A vida em sociedade implica certos sacrifícios; o maior deles, creio, é sacrificar o selvagem que existe em nós. Mas posso estar errado. Se estiver, avisem-me: a minha lista é longa.

E a sociedade? Concordo com Perel: se podemos satisfazer vários caprichos com uma visita no shopping, é inevitável que esse imediatismo contamine as relações pessoais. Zygmunt Bauman (1925-2017), um grande sociólogo que morreu esta semana, escreveu abundantemente sobre a matéria.

Mas o argumento de Perel, uma vez mais, parte de um fato para a "normalização" ética do fato. Porque existe uma diferença entre afirmarmos que as infidelidades pessoais são como as nossas visitas ao shopping; e, por outro lado, afirmarmos que é natural que assim seja.

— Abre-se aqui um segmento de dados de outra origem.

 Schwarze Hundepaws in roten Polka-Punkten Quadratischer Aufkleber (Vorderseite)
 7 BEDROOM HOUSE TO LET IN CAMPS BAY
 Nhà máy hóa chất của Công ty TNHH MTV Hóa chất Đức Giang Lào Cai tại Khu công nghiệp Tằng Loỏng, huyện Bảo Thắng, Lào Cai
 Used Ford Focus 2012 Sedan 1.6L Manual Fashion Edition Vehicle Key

Se aceitarmos essa premissa, qualquer comportamento humano, do mais excêntrico ao mais aberrante, deve ser permitido e louvado. Para que educar os filhos quando isso é despesa? Para que cuidar dos pais dementes quando isso cria angústia? Para que ajudar o irmão psicótico ou a irmã viciada, quando o resultado dessa ajuda é incerto? E etc. etc.

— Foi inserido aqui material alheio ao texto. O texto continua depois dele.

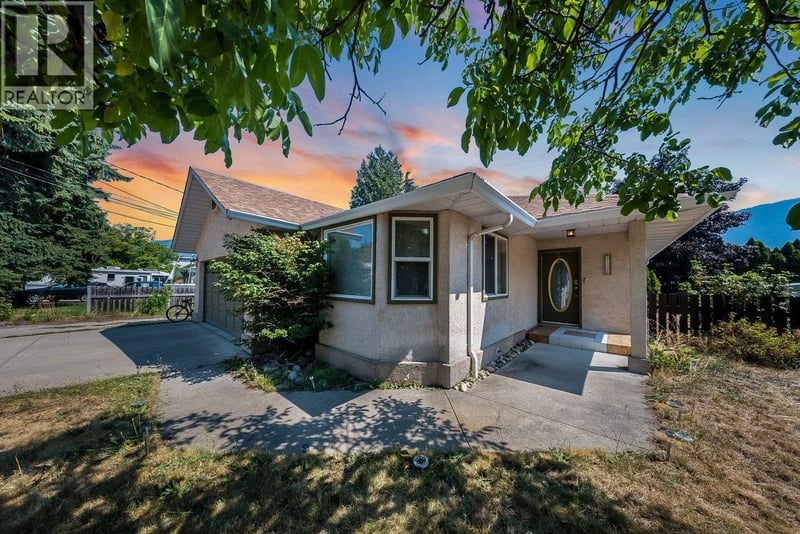 2507 COLUMBIA Avenue, Castlegar, British Columbia, V1N2X4, Castlegar, British Columbia — photo 1 of 5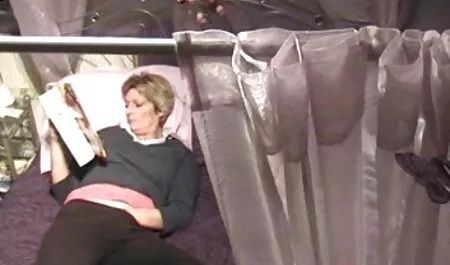 Nagy csöcsös BBW családi sex videók kitölti a puncija cum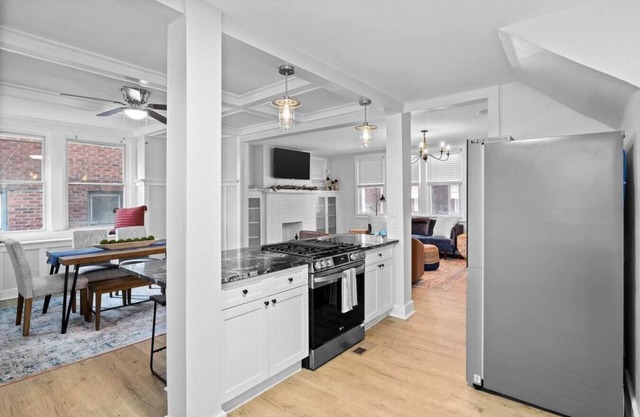 Charming 3Bedroom Near Downtown, Parking, Walkable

Finalmente, são precisos dois para dançar o tango? Absolutamente. Mas a afirmação de Perel de que a infidelidade, muitas vezes, é "culpa" da pessoa enganada acaba por ser uma irônica contradição com o seu discurso "liberal", criando uma falácia determinista bastante "démodé".

O infiel só seria "vítima" se não existissem outras alternativas —como a comunicação, a separação, o divórcio— à sua inteira disposição. Nas sociedades contemporâneas, ninguém é "obrigado" a ser infiel pelo simples motivo de que ninguém é "obrigado" a ser fiel.

Esther Perel deveria encontrar outros argumentos para "desdramatizar" a infidelidade. Do ponto de vista lógico, e estritamente lógico, as explicações da doutora não são fiéis à racionalidade.